La Cour suprême des États-Unis a refusé, lundi 10 novembre, d’examiner un recours qui visait à remettre en cause sa décision historique de 2015 légalisant le mariage entre personnes de même sexe dans tout le pays. Cette décision, rendue sans commentaire, écarte la tentative de Kim Davis, une ancienne greffière du Kentucky connue pour avoir refusé de délivrer des licences de mariage à des couples homosexuels au nom de ses convictions religieuses.
Kim Davis, soutenue par le groupe conservateur Liberty Counsel, demandait à la plus haute juridiction du pays d’annuler les jugements qui l’obligent à verser plus de 360 000 dollars de dommages et frais d’avocat à deux couples de même sexe. Surtout, son recours invitait la Cour à réévaluer la portée de l’arrêt Obergefell v. Hodges, qui a ouvert le mariage civil aux couples homosexuels il y a dix ans.
En refusant de se saisir du dossier, la Cour suprême laisse inchangé le cadre juridique du mariage pour tous aux États-Unis. Ce refus est un soulagement. « Aujourd’hui, l’amour a de nouveau gagné », a réagi Kelley Robinson, présidente de la Human Rights Campaign. « Quand des responsables publics prêtent serment, ils s’engagent à servir l’ensemble de leur communauté, y compris les personnes LGBTQ+. »
L’affaire Kim Davis avait marqué les débuts de l’application de la décision Obergefell. En 2015, alors que de nombreux couples se précipitaient pour se marier, la greffière du comté de Rowan avait décidé de suspendre toute délivrance de licences de mariage afin d’éviter d’en accorder à des couples homosexuels.
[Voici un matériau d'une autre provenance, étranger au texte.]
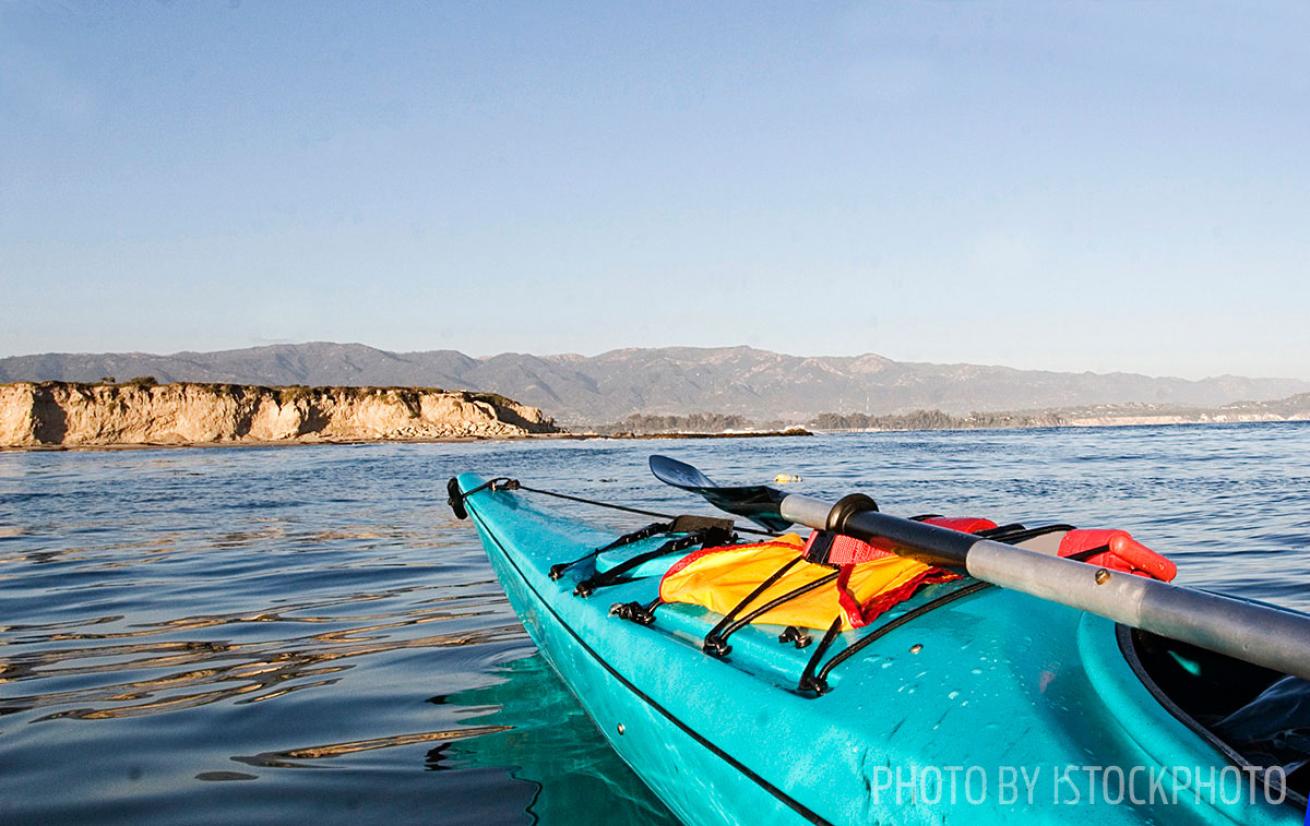 kayaking channel islands of California 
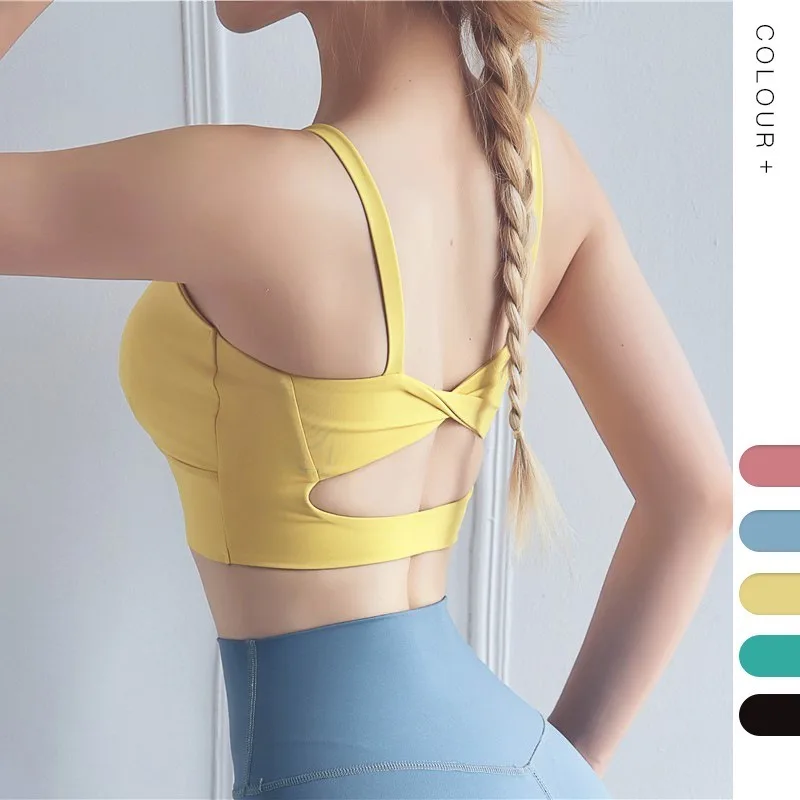 Kezrea Backless Fitness Jogging Sexy High Quality Sling Vest Sports Running Underwear Female Beauty Back Strap Yoga Clothes | Спорт и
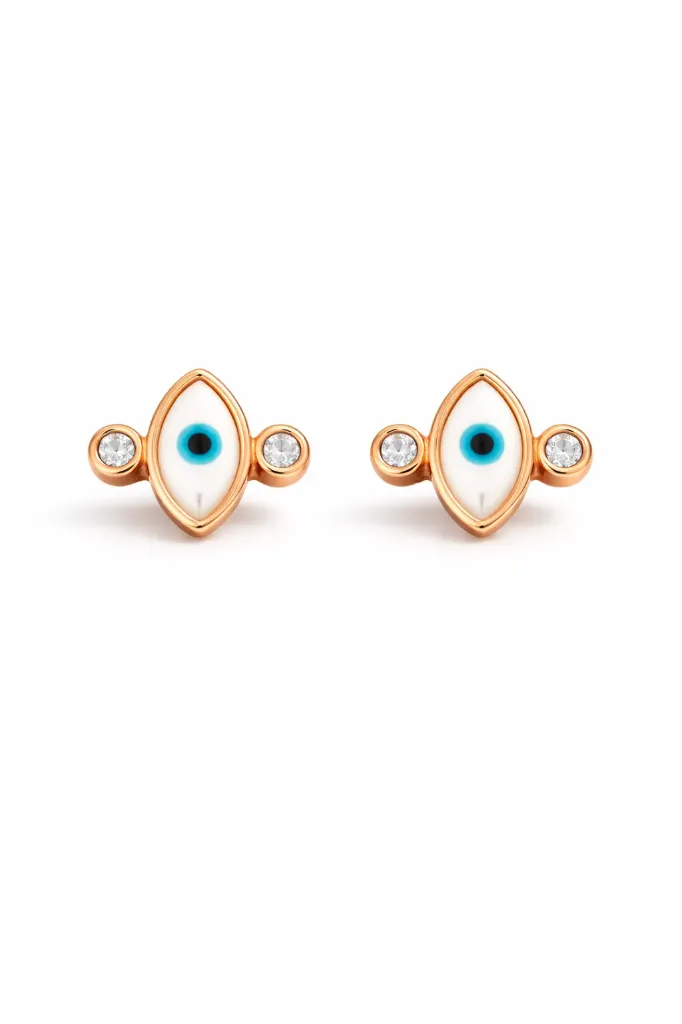 Nazar Glow Evil Eye Stud Earrings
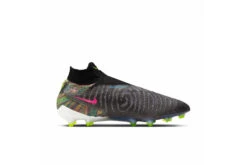 Nike Gripknit Phantom GX Elite Dynamic Fit Fusion FG Voetbalschoenen Zwart/Wit/Blue Glow/Volt Heren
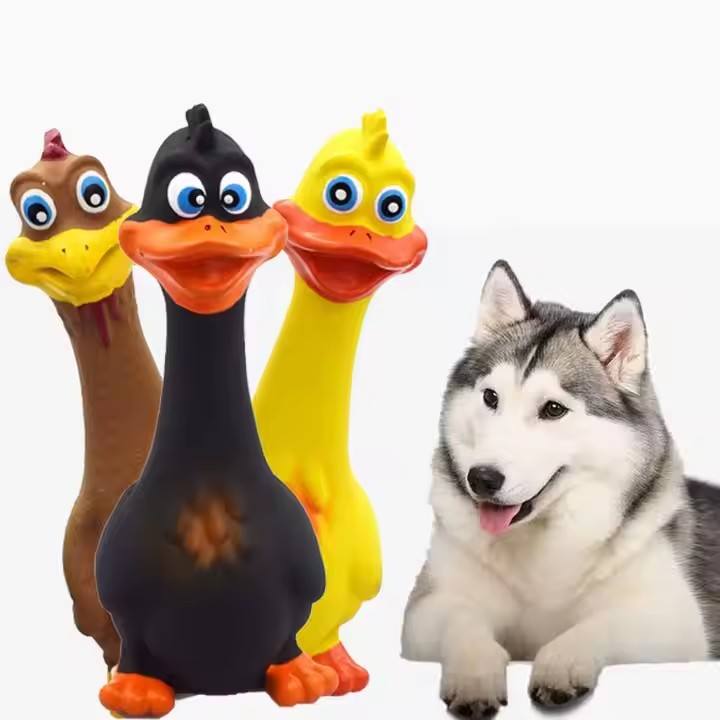 3pcs Latex Screaming Chicken Toys Eco Friendly by Love My Pet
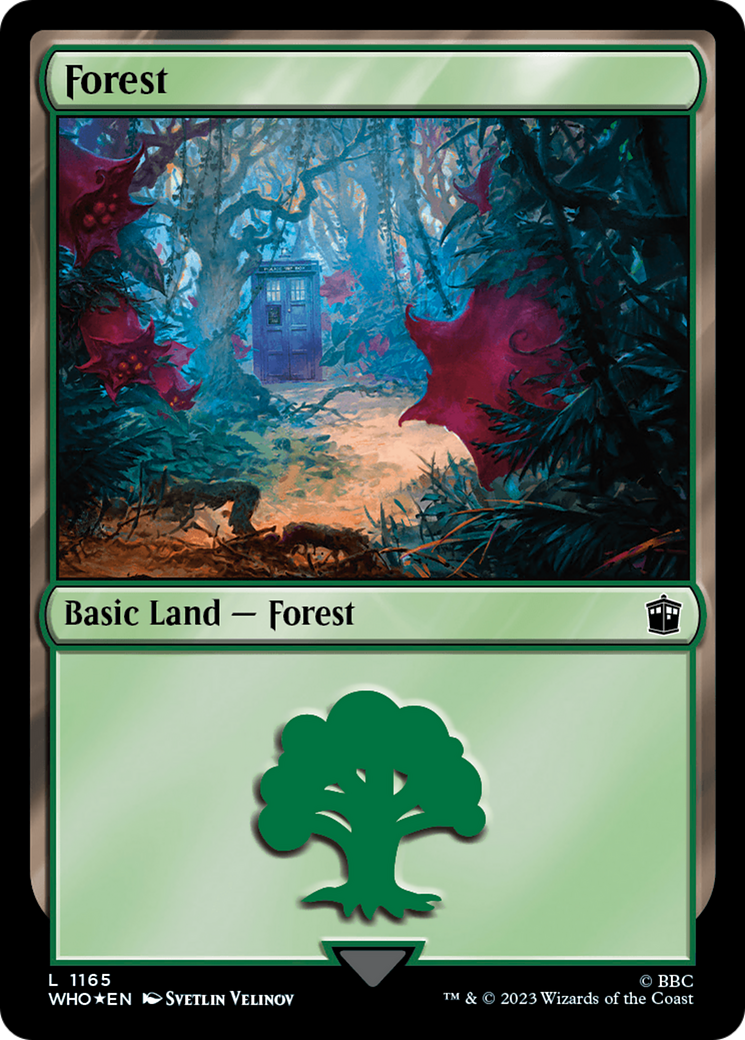 {B} Forest (1165) (Surge Foil) [Doctor Who][WHO 1165]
Poursuivie pour violation des droits civiques, elle avait été brièvement emprisonnée pour outrage à la justice.
Si la Cour suprême n’a pas expliqué les raisons de son refus, la décision est interprétée comme un signe de stabilité après plusieurs années d’incertitude. Depuis 2015, la composition du tribunal a profondément changé : les juges Anthony Kennedy et Ruth Bader Ginsburg, qui faisaient partie de la majorité dans Obergefell, ont été remplacés par des magistrats plus conservateurs. La Cour affiche désormais un équilibre de six juges conservateurs contre trois progressistes, ce qui alimente régulièrement les craintes d’un revirement sur les droits acquis.
Ces inquiétudes se sont renforcées après l’arrêt Dobbs v. Jackson Women’s Health Organization de 2022, qui a annulé la jurisprudence garantissant le droit à l’avortement. À cette occasion, le juge Clarence Thomas avait suggéré que d’autres décisions fondées sur le droit à la vie privée, dont Obergefell, pourraient être « reconsidérées ».
Mais aucun autre membre de la Cour n’a exprimé le souhait d’aller en ce sens. Ces dernières semaines, les juges Samuel Alito et Amy Coney Barrett ont même laissé entendre qu’ils ne cherchaient pas à remettre en cause le mariage égalitaire, évoquant les « intérêts de confiance » créés depuis dix ans. Près de 600 000 couples de même sexe se sont mariés aux États-Unis depuis 2015, selon le Williams Institute de l’université de Californie à Los Angeles.
Pour autant, les associations LGBT+ restent prudentes. Elles rappellent que la Cour suprême a, ces dernières années, multiplié les arrêts élargissant les exemptions religieuses au détriment des droits LGBTQIA+, notamment en autorisant des entreprises à refuser certains services à des couples de même sexe.
En effet, en refusant de rouvrir l’affaire Obergefell, la Cour suprême n’a pas refermé le débat mais simplement choisi de ne pas l’alimenter. Si la décision offre un répit, elle ne garantit pas que les droits des couples homosexuels resteront à l’abri d’autres offensives. Elle illustre à quel point les acquis peuvent rester fragiles, même une décennie après avoir été consacrés par la plus haute juridiction du pays.